Katie Peterson | Staff Writer

As families prepare to come to or depart Fort Leavenworth, it is important to know what needs to be done before traveling with a pet, said Maj. N. Chre Benton-Castagneto, Fort Leavenworth Veterinary Treatment Facility branch chief.


Incoming personnel who are Department of Defense ID card holders and know they would like to use the VTF for their veterinary needs can fill out the preregistration form found at https://home.army.mil/leavenworth/application/files/9415/8335/4680/Ft._Leavenworth_Pet_Pre-Registration.pdf.

Veterinarian Capt. Steve Miller draws blood for a Fluorescent Antibody Virus Neutralization test from School of Advanced Military Studies student Maj. Lanea Dertinger’s dog Harper, held by Veterinary Technician Jessica Mathys, March 16, 2020, at the Fort Leavenworth Veterinary Treatment Facility. Dertinger PCSed with her pets to Hawaii, where a FAVN test, or rabies antibody titer, is required 30 days prior to travel. Photo by Prudence Siebert/Fort Leavenworth Lamp

https://home.army.mil/leavenworth/application/files/9415/8335/4680/Ft._Leavenworth_Pet_Pre-Registration.pdf.


Completed forms should be e-mailed to usarmy.leavenworth.medcom-mahc.mbx.vets@mail.mil.

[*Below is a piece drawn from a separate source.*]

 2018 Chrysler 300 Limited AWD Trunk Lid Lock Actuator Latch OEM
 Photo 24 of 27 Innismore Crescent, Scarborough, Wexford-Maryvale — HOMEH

Veterinarian Capt. Steve Miller weighs School of Advanced Military Studies student Maj. Lanea Dertinger’s cat Lillie Belle during an exam and blood-draw appointment March 16, 2020, at the Fort Leavenworth Veterinary Treatment Facility. Dertinger PCSed to Hawaii, where a Fluorescent Antibody Virus Neutralization test, which measures a pet’s immune response to rabies, is required for pets 30 days prior to travel. Photo by Prudence Siebert/Fort Leavenworth Lamp


“Upon arrival at Fort Leavenworth, to successfully transfer pet care to the VTF, pet owners should e-mail the VTF a copy of their pet’s vaccination certificates and immunization records from any non-military veterinary clinic,” Benton-Castagneto said. “Patient information from military veterinary clinics will automatically be transferred over during registration.”


Health certificates must be obtained within 30 days if traveling by vehicle and 10 days if traveling by airplane.


For more information, check with state regulations and airlines.


“I recommend scheduling health certificate appointments and the rabies titer as early as possible,” Benton-Castagneto said. “The rabies titer can take up to two months.”
If a pet has only been cared for by a DoD veterinarian, Benton-Castagneto said, the medical records should transfer.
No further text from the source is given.